Shigeo Masuda from Tochigi Medical University in Japan comments on a recent JAMA paper from Andrew Gentles and his colleagues. Previously, the Gentles team reported that a high expression level of a gene signature from self-renewing leukemic stem cells was associated with an adverse outcome in patients with acute myeloid leukemia. Masuda asks whether the Gentles team saw a significant difference in that leukemic stem cell score when the patients were stratified by recurrent somatic mutations and whether "patients with a favorable-risk cytogenetic profile" had higher scores. In their reply, the Gentles team said that there wasn't a significant different in score between stratified patients and that there wasn't not enough data to determine the effect to cytogenetic risk profile on the LSC score.
In JAMA's Archives of Dermatology, doctors from Northwestern University and Memorial Sloan-Kettering say that fluorescence in situ hybridization can help diagnose disseminated Spitz nevi, benign lesions that need to be distinguished from primary spitzoid melanoma and cutaneous melanoma metastases. In their two case studies, the physicians say that FISH "failed to show diagnostic changes of melanoma" and that "that molecular techniques maybe used to help confirm the diagnosis in such novel and challenging cases."

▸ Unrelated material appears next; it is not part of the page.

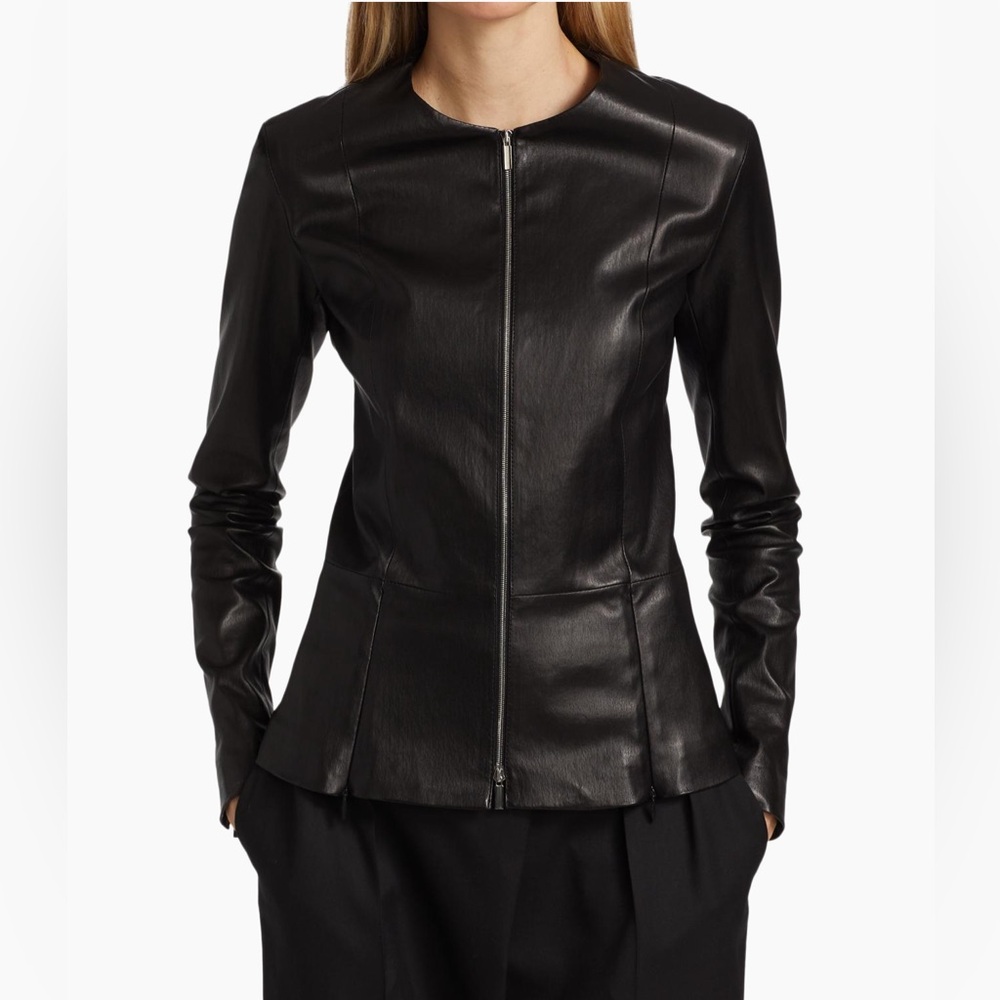 The Row Anasta Bonded Leather Jacket - Picture 2 of 12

In a commentary in JAMA, David Resnik and Greg Koski call for a national registry of healthy volunteers for phase I clinical trials. Such registries exist in other countries, like France and the UK, and in parts of the US, like southern Florida. Resnik and Koski say a national registry would serve "to protect participants from the risks of overlapping enrollment and to promote data integrity."